== WORK INSTRUCTIONS ==
The line containing "Blakely Isabel Oversized" and each line after it, through the final line of the data, are to be retyped exactly, with pictures left out.
[Opening DATA SHOWN section]
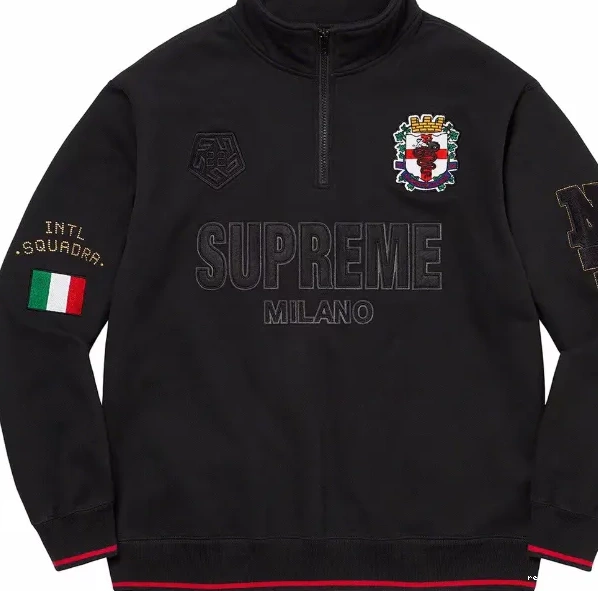 Zip and 22FW M Half Half Pullover Milan White S Zip L Black Hoodie XL Milano 1015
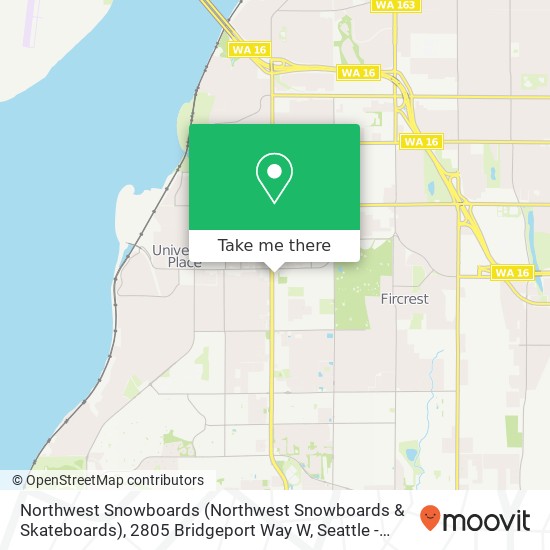 Mapa de Northwest Snowboards (Northwest Snowboards & Skateboards), 2805 Bridgeport Way W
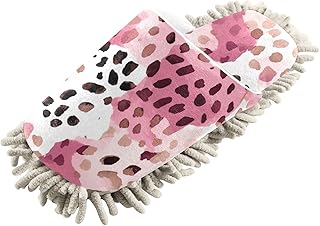 ZENWAWA Mop Slippers Pink Black Leopard Print, Funny Slippers Dust Cleaner Unisex Size:5-8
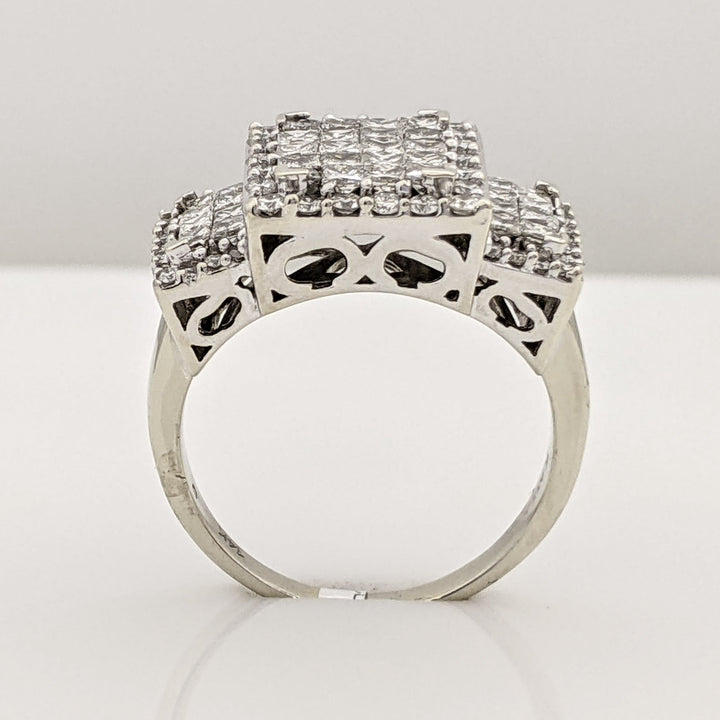 14K WHITE 1.46 CARAT TOTAL WEIGHT I1 H DIAMOND ROUND (52) PRINCESS CUT (36) ESTATE RING 7.6 GRAMS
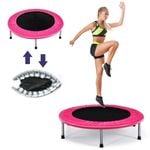 Costway 38” Mini Trampoline Foldable Fitness Trainer Max Load 150KG Pink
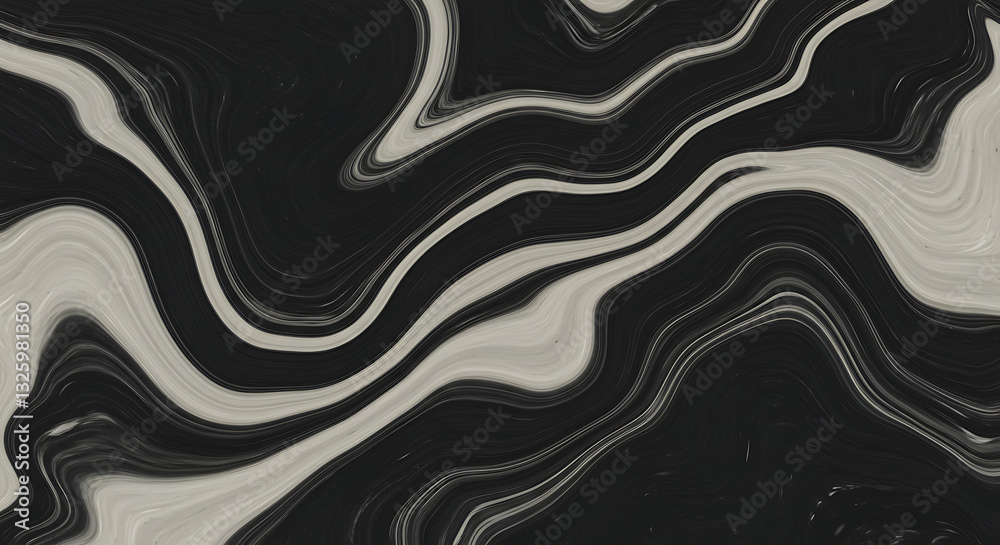 Fototapeta premium Abstract black and white marble texture with flowing lines, perfect for backgrounds and design elements.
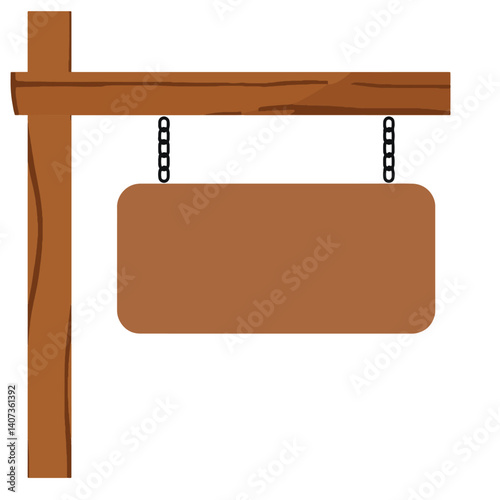 Simple wooden signboard illustration with a blank brown hanging sign perfect for shops cafes or ads. Rustic and minimal for creative uses in projects and web design.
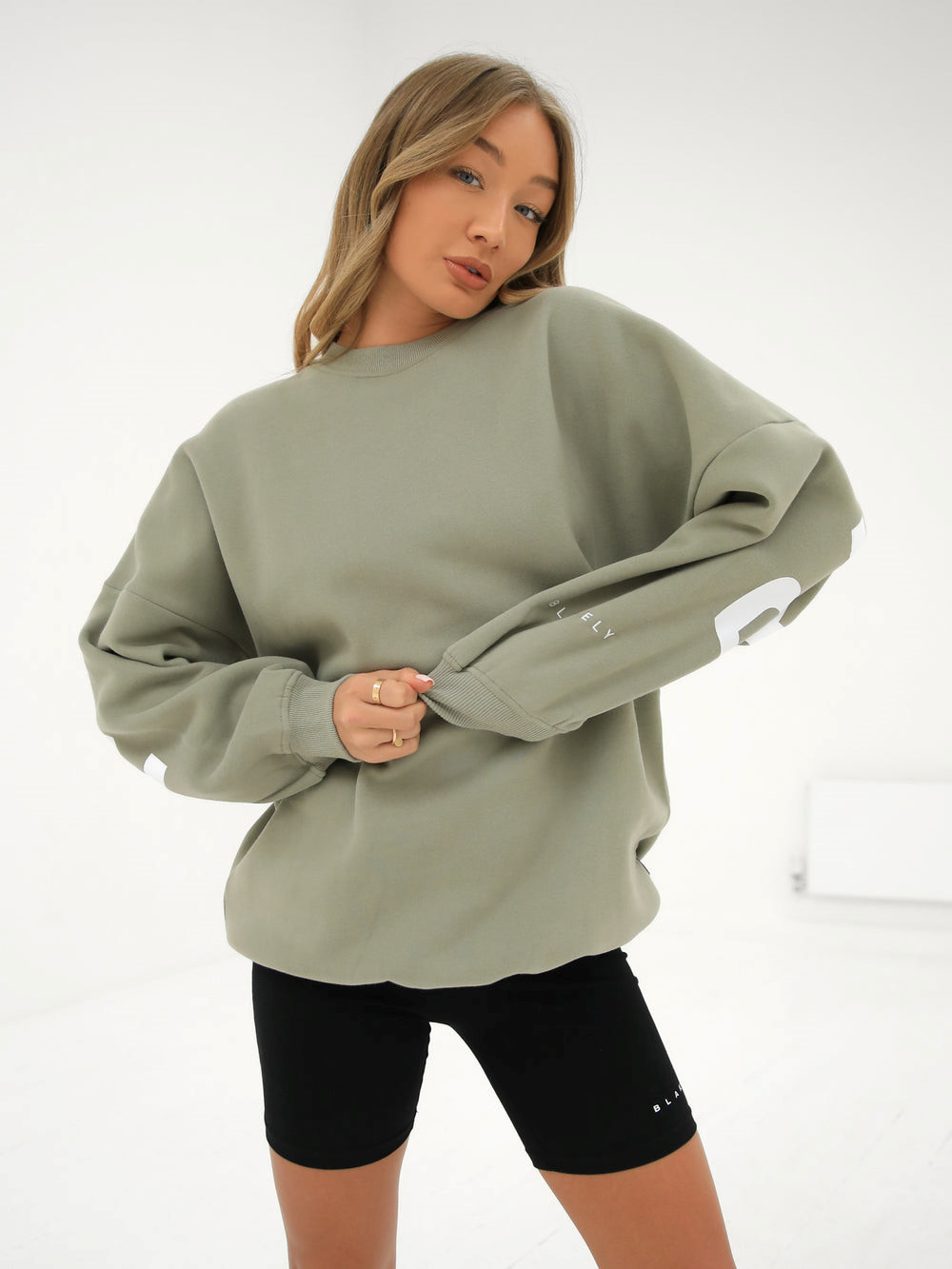 Blakely Isabel Oversized Jumper Oliwkowe | 495608-OCR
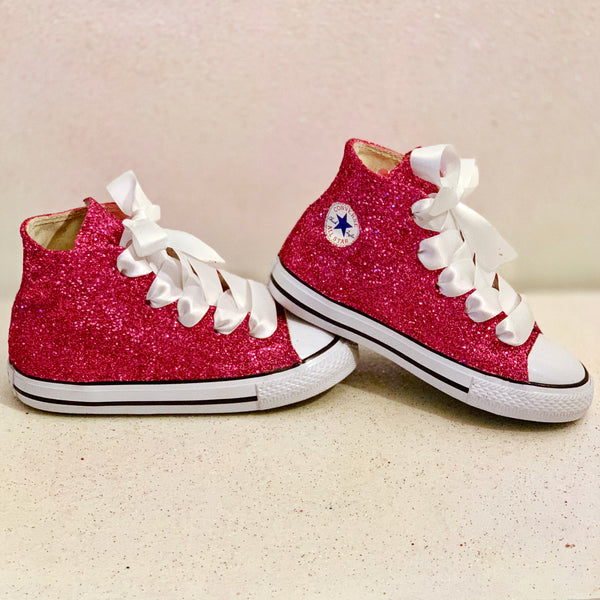 Kids Glitter Converse All Stars Bling Crystals Flower Girls Birthday Glitter Shoe Co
[Closing DATA SHOWN section]
== ANSWER SECTION ==
 Blakely Isabel Oversized Jumper Oliwkowe | 495608-OCR
 Kids Glitter Converse All Stars Bling Crystals Flower Girls Birthday Glitter Shoe Co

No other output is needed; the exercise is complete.